What you are asked to do
Without including any pictures, write out the data below exactly.
= = = = = = =
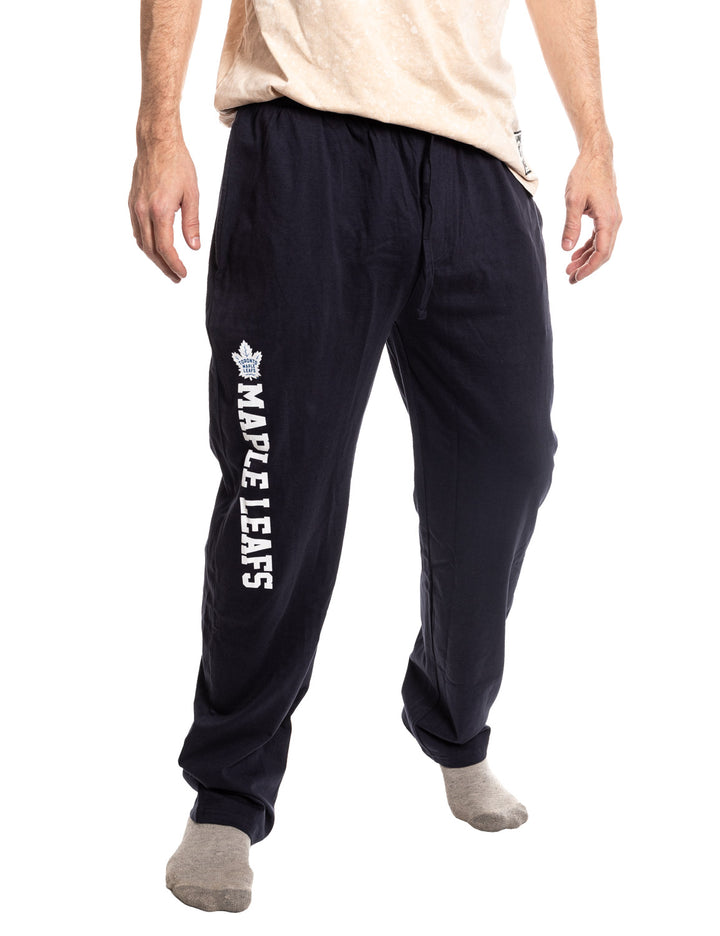 Toronto Maple Leafs Men's Cotton Jersey Pants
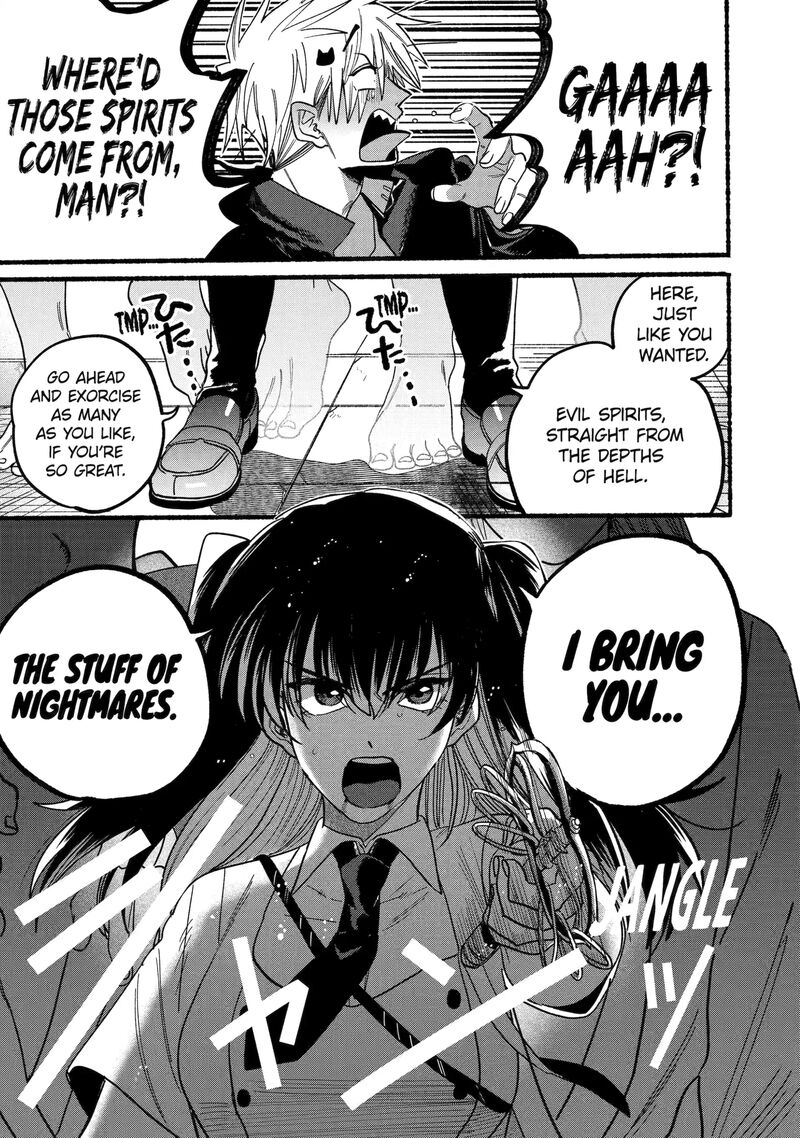 Rokurei Tenseishi Rinne Kuyakusho Dairokkanbu Joreika Katsudouki Chapter 11c Page 8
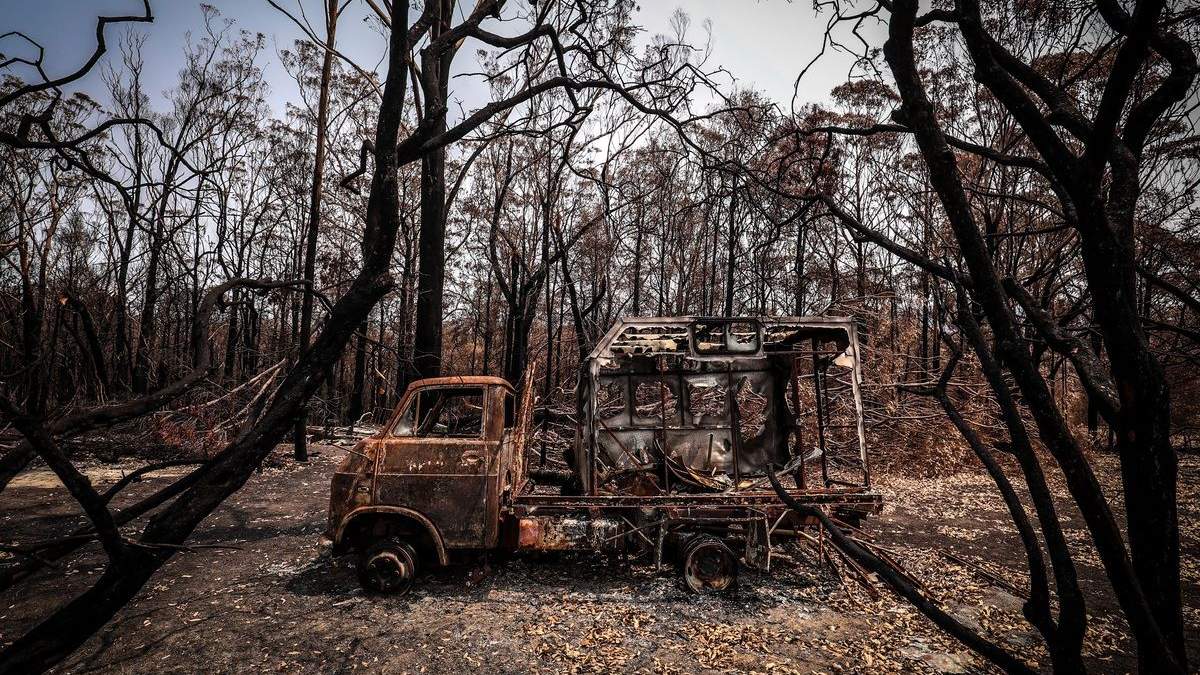  Пожежі в Австралії 2020 – фото лісових пожеж на зараз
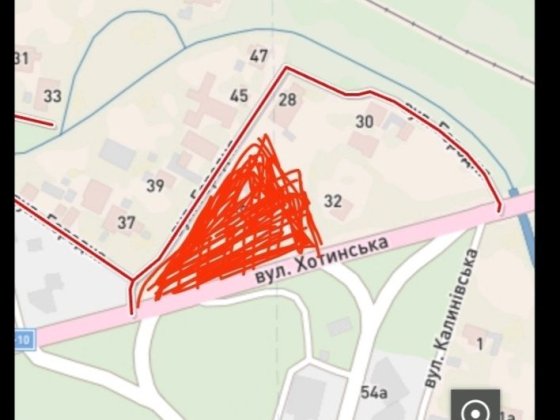 Хотинська комерційна земельна ділянка Черновцы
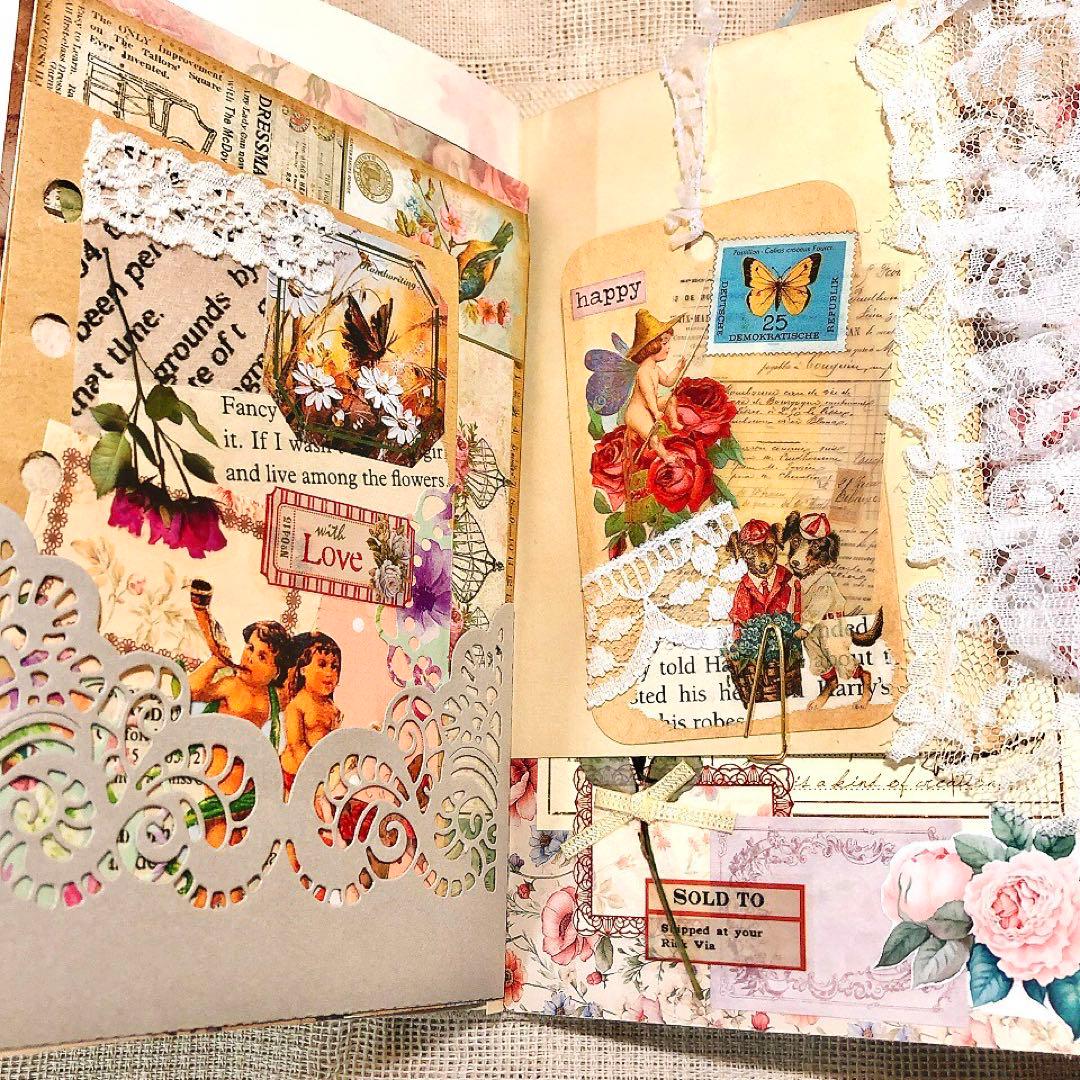 ジャンクジャーナル雑記帳 スズラン ジャンクジャーナル 鈴蘭 おすそ分けファイル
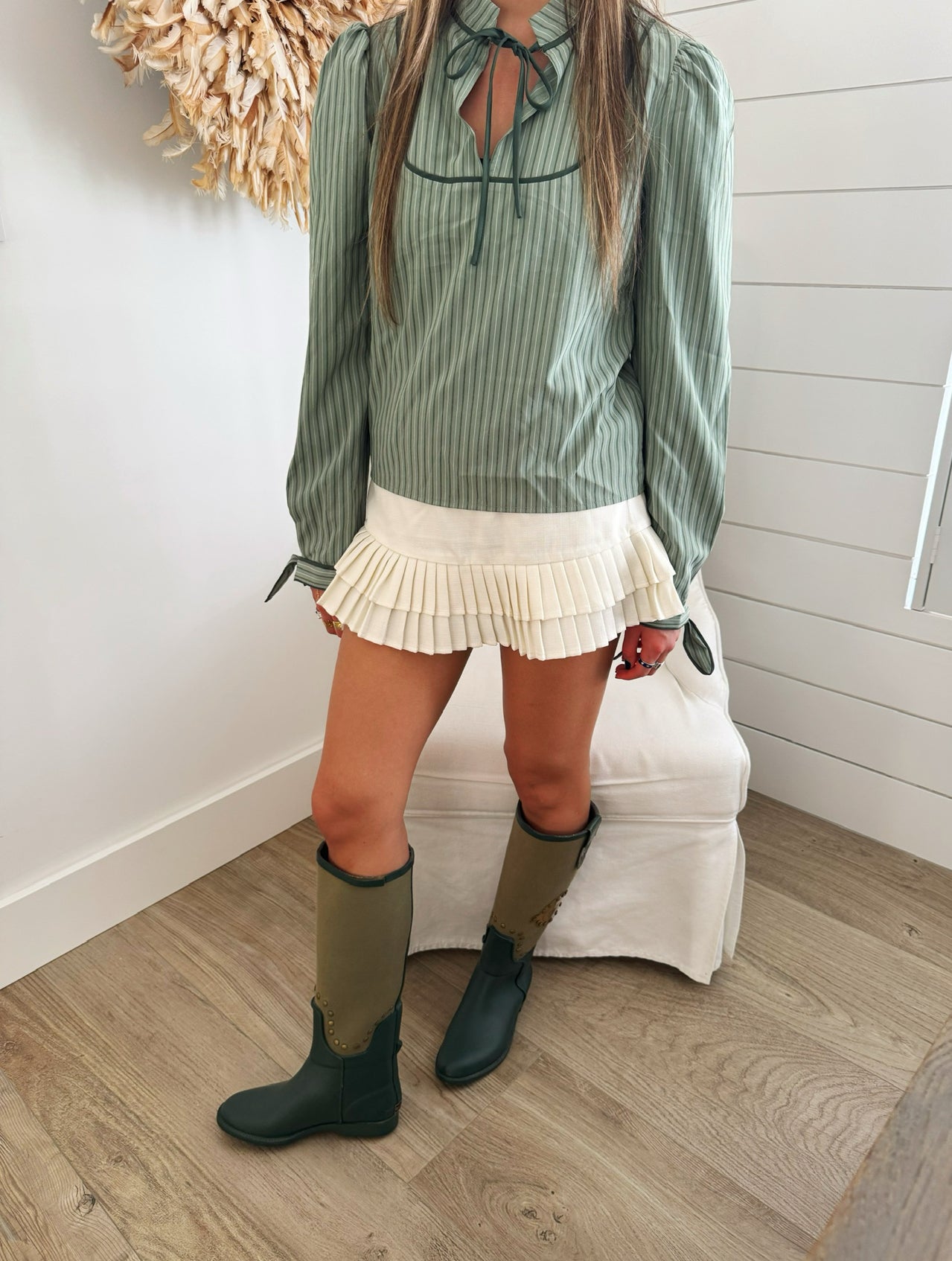 The Forest Whisper Blouse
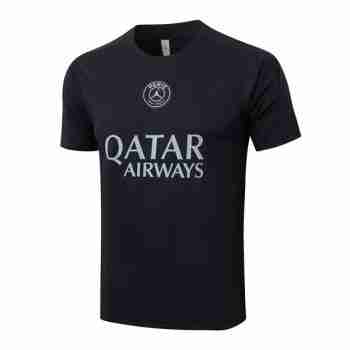 Tailandia Camiseta Entrenamiento Paris Saint Germain 2026 2027 Negro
= = = = = = =
Answer to this task
 Toronto Maple Leafs Men's Cotton Jersey Pants
 Rokurei Tenseishi Rinne Kuyakusho Dairokkanbu Joreika Katsudouki Chapter 11c Page 8
  Пожежі в Австралії 2020 – фото лісових пожеж на зараз
 Хотинська комерційна земельна ділянка Черновцы
 ジャンクジャーナル雑記帳 スズラン ジャンクジャーナル 鈴蘭 おすそ分けファイル
 The Forest Whisper Blouse
 Tailandia Camiseta Entrenamiento Paris Saint Germain 2026 2027 Negro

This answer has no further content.